*Information supplied*:
**********

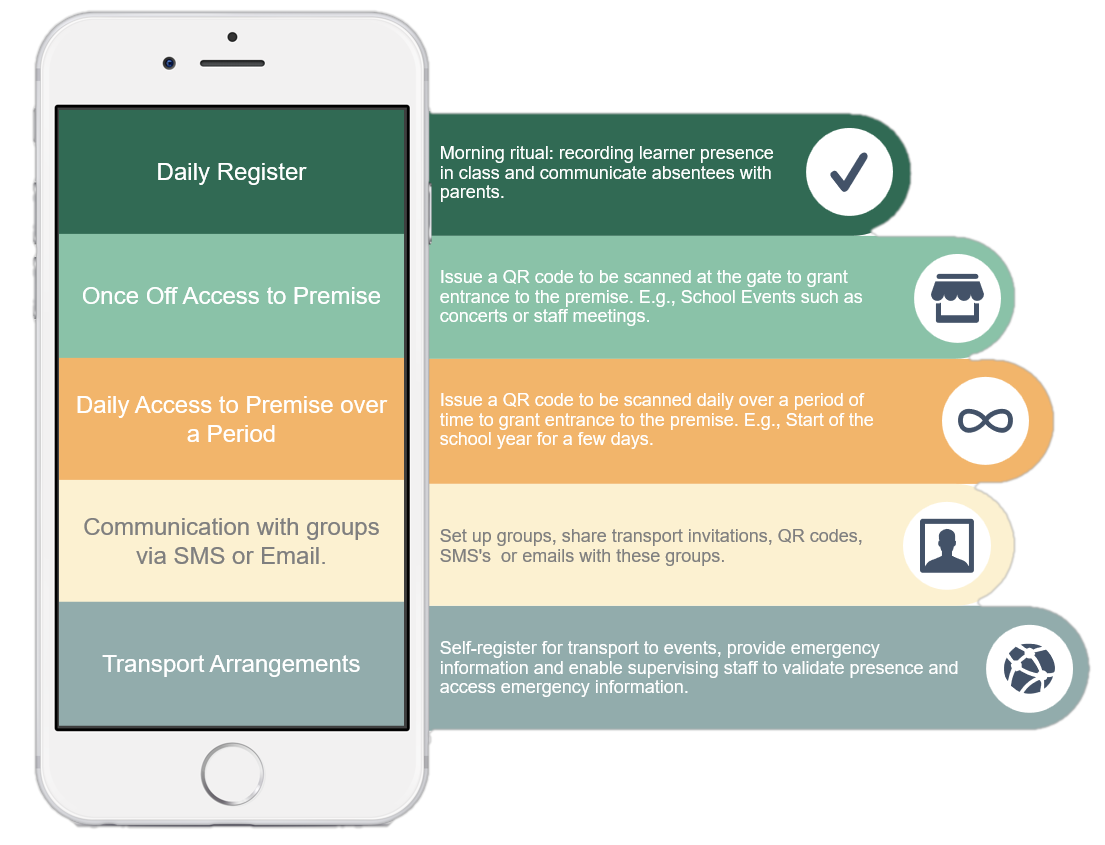 Daily Register Taking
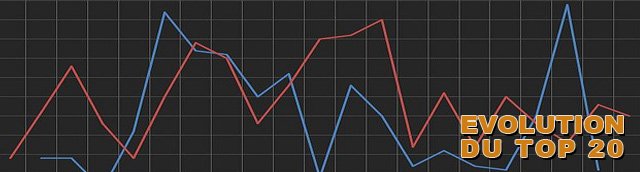 blog_evo_top20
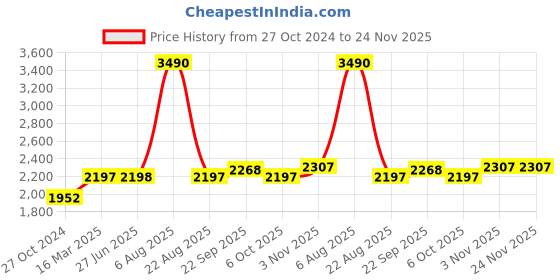 myntra.com Sigaram Silver Toned Textured Asta Lakshmi Kalash sigaram Price History Graph from 27 Oct 2024 to 24 Nov 2025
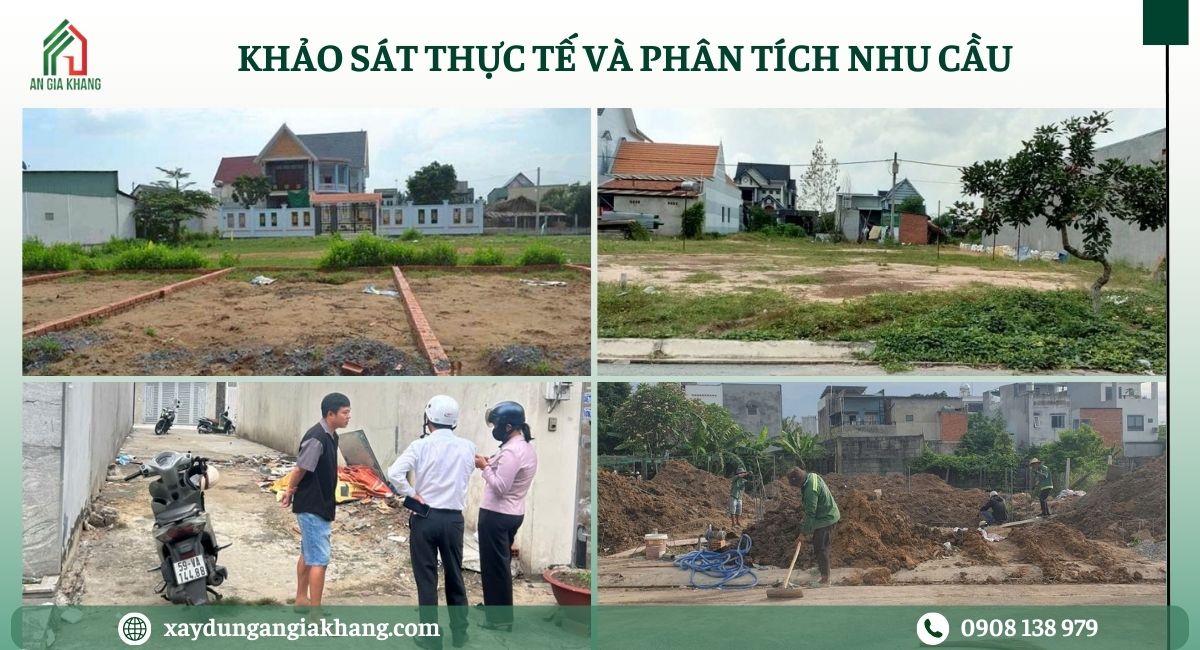 Khảo sát thực tế và phân tích nhu cầu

**********

*What is expected*:
Return the whole listing word for word, minus its pictures.

*Solution*:
 Daily Register Taking
 blog_evo_top20
 myntra.com Sigaram Silver Toned Textured Asta Lakshmi Kalash sigaram Price History Graph from 27 Oct 2024 to 24 Nov 2025
 Khảo sát thực tế và phân tích nhu cầu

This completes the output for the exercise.